Do fim daquele tempo antigo é Adam Smith (1723-1790), considerado por muitos como o "pai" da economia moderna, devendo a fama ao seu livro de 1776 sobre a natureza e as causas da Riqueza das Nações. E, apesar disso, Adam Smith foi professor de Filosofia Moral na Universidade de Glasgow. Dezoito anos antes da sua obra económica fundamental, havia publicado a Teoria dos Sentimentos Morais, onde reconhecia a genuína capacidade do ser humano para alcançar real satisfação com o bem alheio. Fez sucessivas revisões deste livro até à sua morte e, segundo consta, considerava-o superior a todos os outros que escrevera. Depois de Adam Smith, aos poucos a economia foi dispensando a ética como fonte de inspiração ou de restrição das suas análises, dos seus modelos ou das suas propostas. E raras vezes voltou a coincidir no mesmo autor o interesse simultâneo pela economia, pela moral e pela política.•

A economia tornou-se amoral e a moral tornou-se alheia à evolução dos mercados. Desde então, o mundo terá evoluído relativamente bem sem a influência dominante da Filosofia, dirão alguns, com prodigiosos e indiscutíveis progressos económicos colectivos.
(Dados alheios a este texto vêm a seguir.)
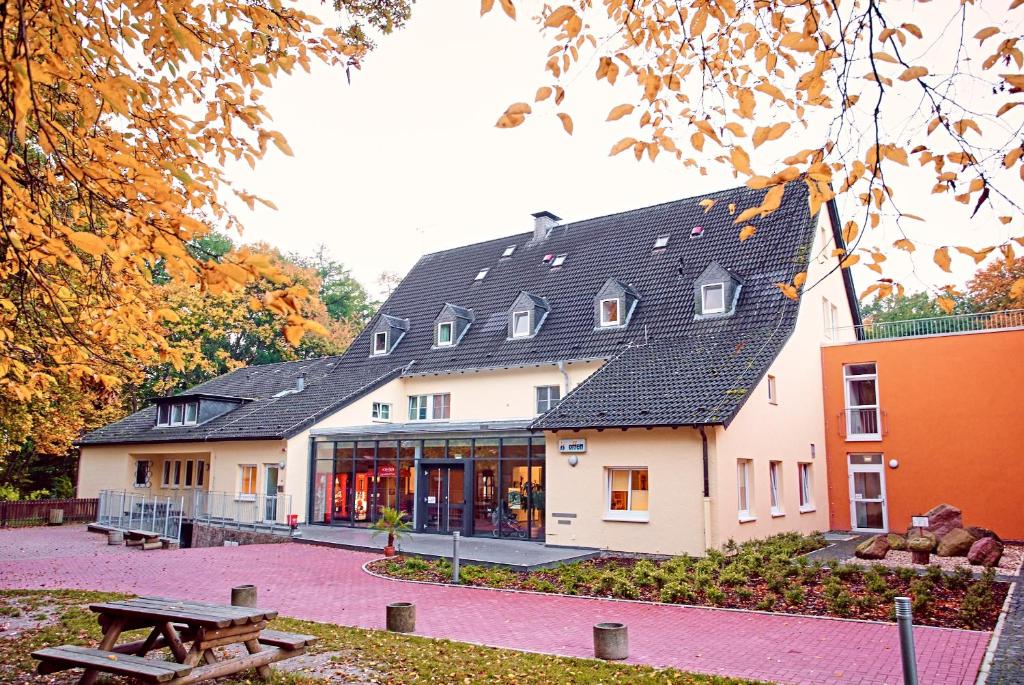 a building with a picnic table in front of it at Jugendherberge Detmold in Detmold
A lei do mercado e a lei dos Estados pareciam bastar, sem a subjectividade dos imperativos morais, sempre discutíveis e por isso incapazes de gerar boas soluções duradouras. A economia havia assegurado os progressos. A reflexão filosófica tornara-se um exercício aparentemente ultrapassado e frequentemente inútil. E, no entanto, devemos à filosofia de Jeremy Bentham (1748-1832) o ensino e a universidade acessíveis a todas as classes com a fundação da Universidade de Londres, contrariando o elitismo de Oxford e de Cambridge. Ao utilitarismo universalista de John Stuart Mill (1806-1873), o sufrágio universal, a igualdade de direitos entre homens e mulheres, a abolição da escravatura e os princípios da tributação como instrumento da justiça distributiva e do Estado-providência. Ao pensamento de John Locke (1632-1704), a concepção de Estados laicos, com Governos independentes das Igrejas, com a política independente da religião. A Jean-Jacques Rousseau (1712-1778), o ideal democrático da soberania do povo. A Jean-Paul Sartre (1905-1980), a crítica fundamental ao anti-semitismo. À filosofia de Immanuel Kant (1724-1804), os imperativos racionais que dariam origem à formulação dos códigos deontológicos profissionais.
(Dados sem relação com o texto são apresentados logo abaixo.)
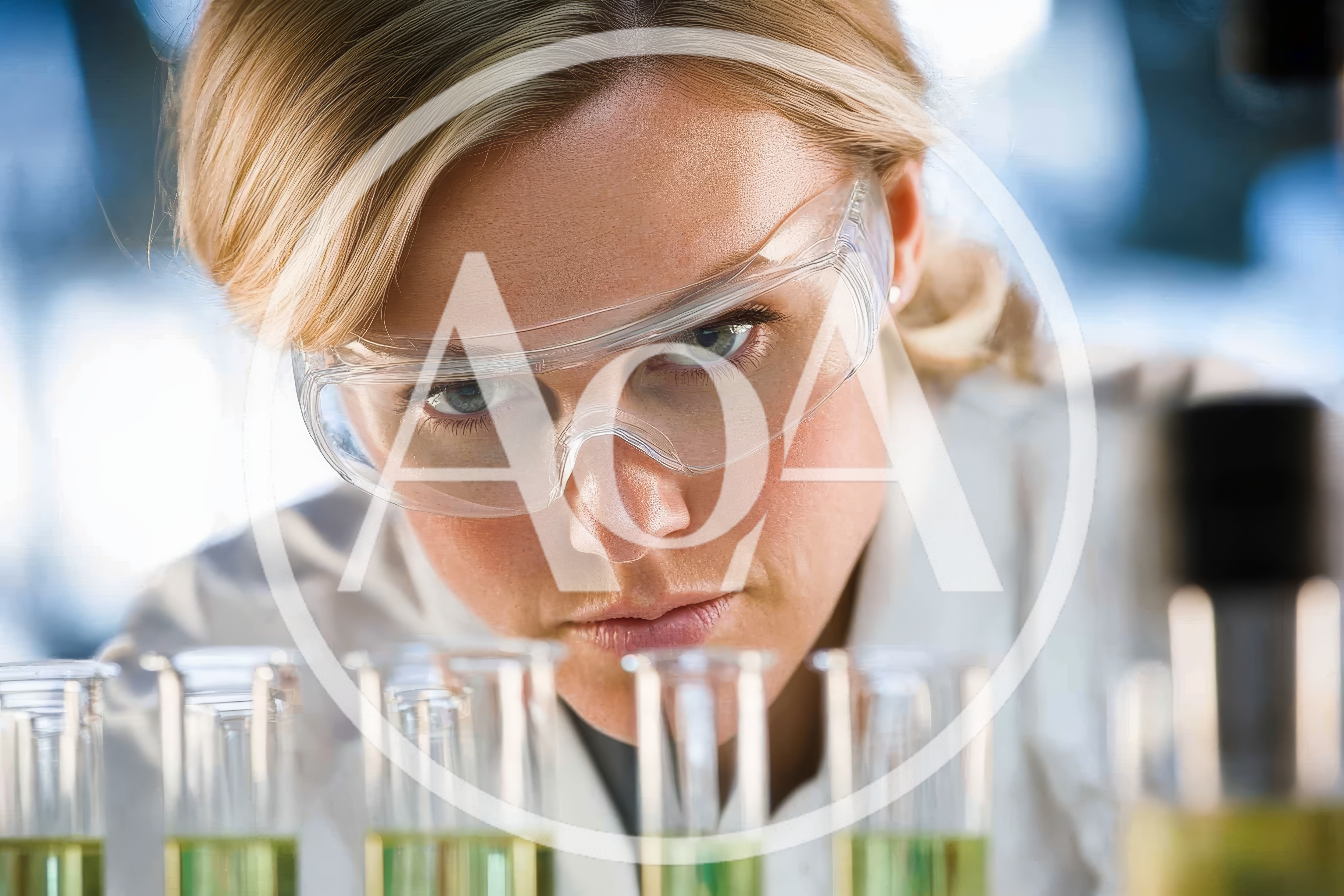 Female Scientist Examining Test Tubes In Laboratory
Os progressos humanos, na verdade, nunca foram alheios à filosofia e à ética. A economia, sem ética, dispensa a discussão dos fins que se propõe, tornando-se perigosamente cega. A prática empresarial, sem a responsabilização moral dos seus agentes, dispensa o questionamento dos meios que usa para atingir os fins, tornando-se inaceitavelmente indiferente aos impactos sociais e ambientais que provoca. Os perigos deste divórcio parecem ser, hoje, evidentes. E já há bons sinais do inevitável reencontro da economia com a ética e de ambas com a política. Mas nunca é de mais insistir na urgência desse reencontro, sob pena da mais leve distracção tornar o mundo política e economicamente insustentável.
*Docente da Faculdade de Economia da Universidade de Coimbra.